Les participants contemplent les décombres silencieusement. Tous avaient pu voir des images de ces dégâts à la télévision mais, mises les unes à coté des autres, ces images forment un paysage de désolation beaucoup plus frappant. Les habitants du quartier interpellent ces ’’touristes de la destruction’’. Ils parlent de tout ce qu’ils ont perdus et de tout ce qui ne sera jamais remplacé. Ils critiquent la lenteur du gouvernement quant à la reconstruction de leur quartier. Qu’on ne s’y méprenne pas, les habitants de Haret Hreik sont plus que jamais gagnés à l’opposition et au Hezbollah, seul à avoir commencé les travaux. Les participants quittent les lieux dans une atmosphère lourde d’interrogations.

Départ pour le sud Liban dimanche 19 novembre vers 11h. Le trajet est long, tous les ponts ont été détruits par les bombardements. Les bus entament des détours par les routes secondaires vers les villes de Saïda et Tyr. Après une escale à Saïda le groupe est conduit dans la zone tristement célèbre des villages de Ayta Chaab, Bint Jbeil et Marroun Er Ras, lieux des confrontations directes entre la résistance libanaise et l’armée israélienne. Là encore il ne reste que des ruines. Les organisateurs appellent les internationaux à la prudence : c’est ici que Tsahal a largué ses bombes à sous munitions. Il commence à faire nuit, un dialogue se noue entre les habitants et certains participants.

Les villageois racontent avec fierté l’épopée des batailles. Au termes des trente-trois jours de combat l’armée israélienne a, pour la première fois dans l’histoire des conflits avec le Liban, du battre en retraite de l’autre côté de la ligne bleue. Les habitants continuent néanmoins à craindre une nouvelle incursion, et pour cause : cette zone a été occupée pratiquement sans interruptions de 1978 à mai 2000. Les traces de cette occupation, notamment les centres de détentions et d’interrogatoires israéliens, comme à Bint Jbeil, le camp d’Ansar ou la prison de Khiam, ont été complètement effacées par les bombardements cet été.

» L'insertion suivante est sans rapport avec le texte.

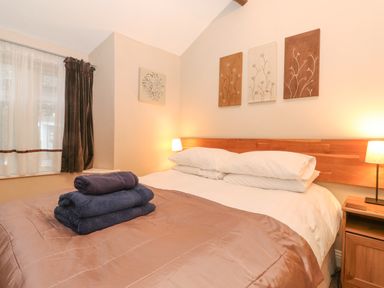A bedroom with a double bed and folded towels on top at Myrtle Cottage in Windermere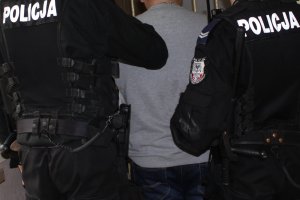 Na zdjęciu mężczyzna przed kratami obok dwaj umundurowani policjanci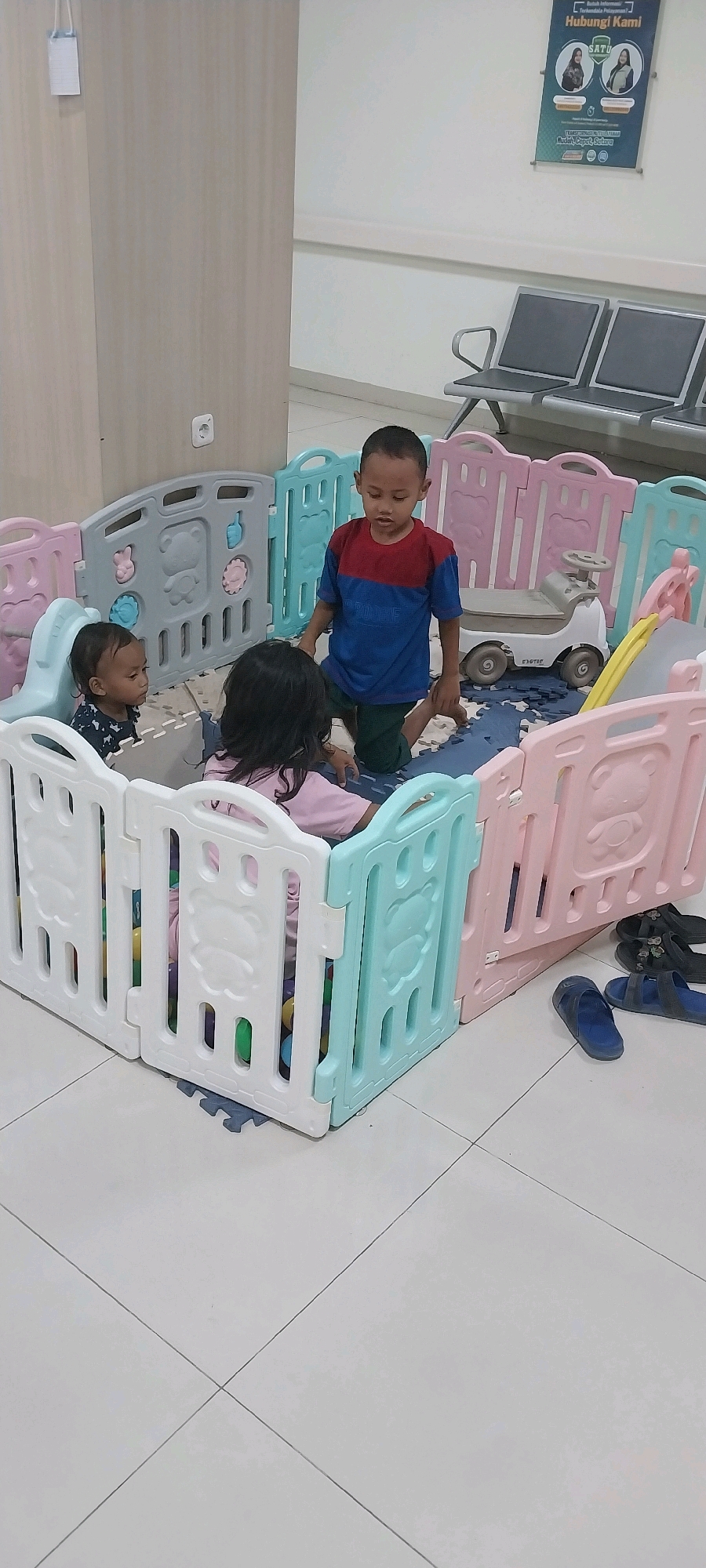 In the city of Kebonagung, Indonesia, within a building resembling a waiting area, three young children are playing in a colorful plastic playpen. The playpen is comprised of interlocking panels in white, pale pink, and light blue, some decorated with embossed animal shapes. Inside the playpen, a young boy wearing a blue and red striped t-shirt and green shorts kneels, appearing to interact with a young girl wearing a pink shirt. Another very young child, partially visible, sits to the left, also within the playpen. The playpen floor is covered with interlocking foam mats. Scattered outside the playpen are several pairs of sandals. In the background, a row of grey chairs suggests a waiting area, and a poster with text and images is mounted on the wall. The environment appears to be an indoor public space.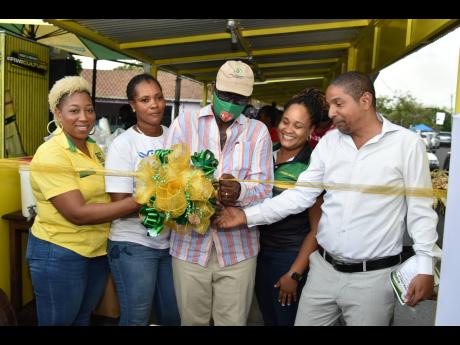 From left: Sasha Warner Campbell, brand manager, domestic and export at J. Wray & Nephew; along with vendor Marsha Walker; Western Kingston Member of Parliament and Local Government Minister Desmond McKenzie; Leleika-Dee Barnes, director of channel and cus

Droit des peuples à la résistance

De retour à Beyrouth, la réunion de conclusion démarre par une réaffirmation solennelle du droit des peuples à la résistance contre toute forme d’occupation et d’oppression. La résolution finale insiste sur la nécessité d’unifier les forces en présence - gauches politiques, alter mondialisme et islamo nationalismes - dans un cadre démocratique pour les luttes futures. Le droit à l’autodétermination des peuples doit être compris dans les luttes sociales et inversement. La conférence se termine sur l’annonce de trois journées de mobilisation à l’échelle internationale : le 20 mars contre l’occupation de l’Irak, le 12 juillet pour soutenir la résistance libanaise et le 29 septembre en solidarité avec le peuple palestinien.